_Task:_ Leaving out every picture, output the records below exactly as they are.

**** The data

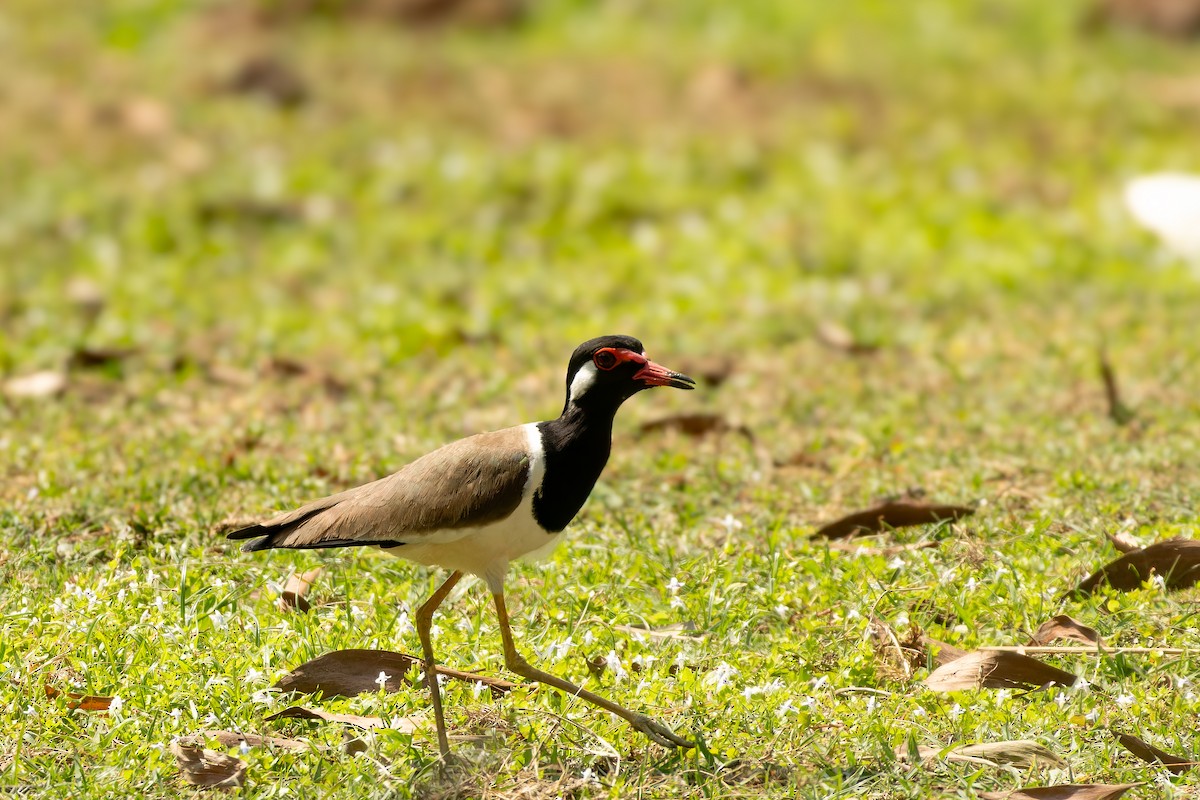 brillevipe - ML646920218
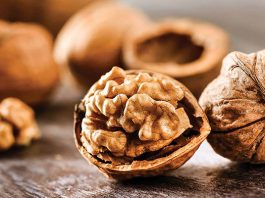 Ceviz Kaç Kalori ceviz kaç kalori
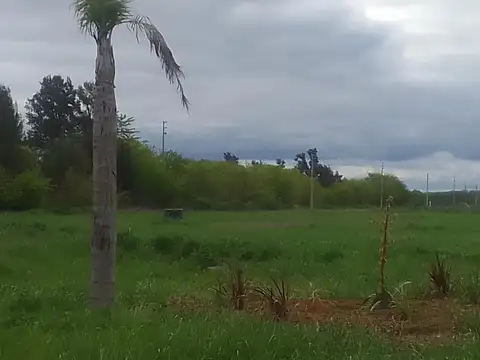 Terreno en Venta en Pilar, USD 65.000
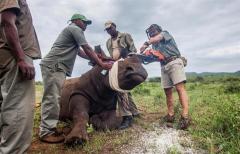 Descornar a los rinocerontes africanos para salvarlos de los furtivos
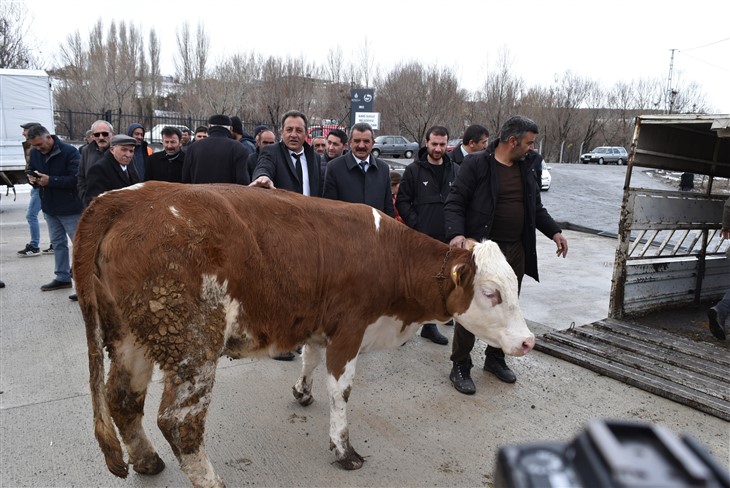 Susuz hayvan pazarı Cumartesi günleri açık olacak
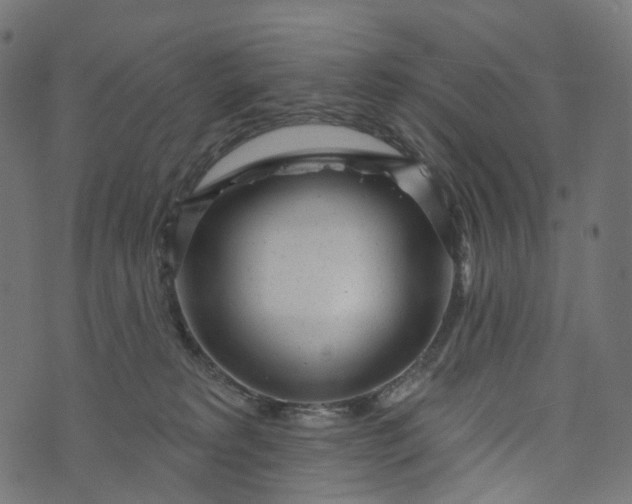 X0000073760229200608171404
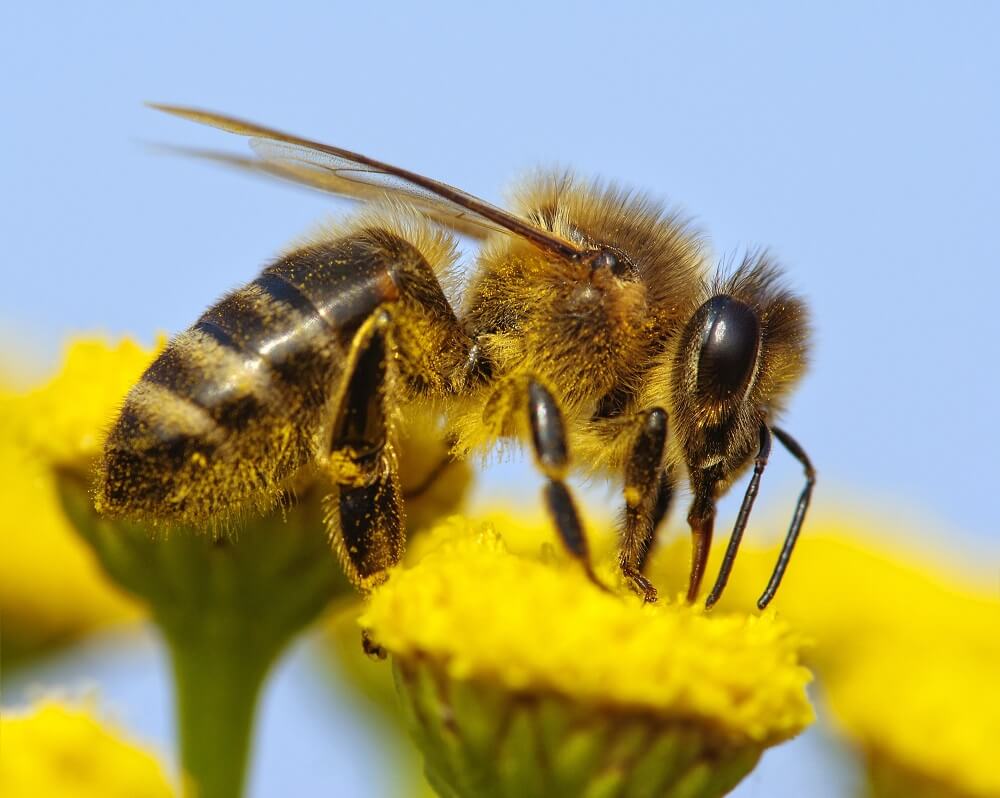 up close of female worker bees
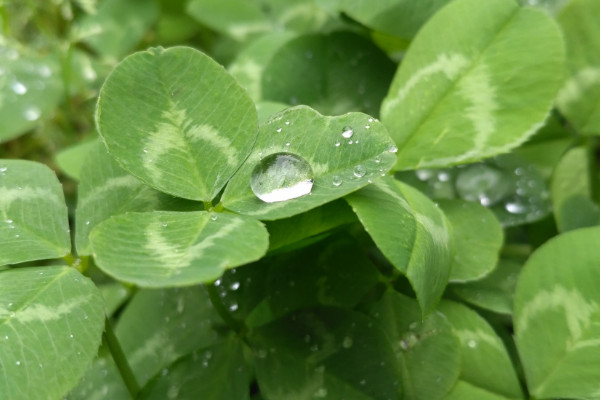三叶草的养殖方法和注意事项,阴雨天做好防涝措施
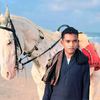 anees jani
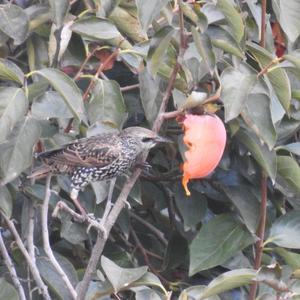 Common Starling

********

_Task response:_
 brillevipe - ML646920218
 Ceviz Kaç Kalori ceviz kaç kalori
 Terreno en Venta en Pilar, USD 65.000
 Descornar a los rinocerontes africanos para salvarlos de los furtivos
 Susuz hayvan pazarı Cumartesi günleri açık olacak
 X0000073760229200608171404
 up close of female worker bees
三叶草的养殖方法和注意事项,阴雨天做好防涝措施
 anees jani
 Common Starling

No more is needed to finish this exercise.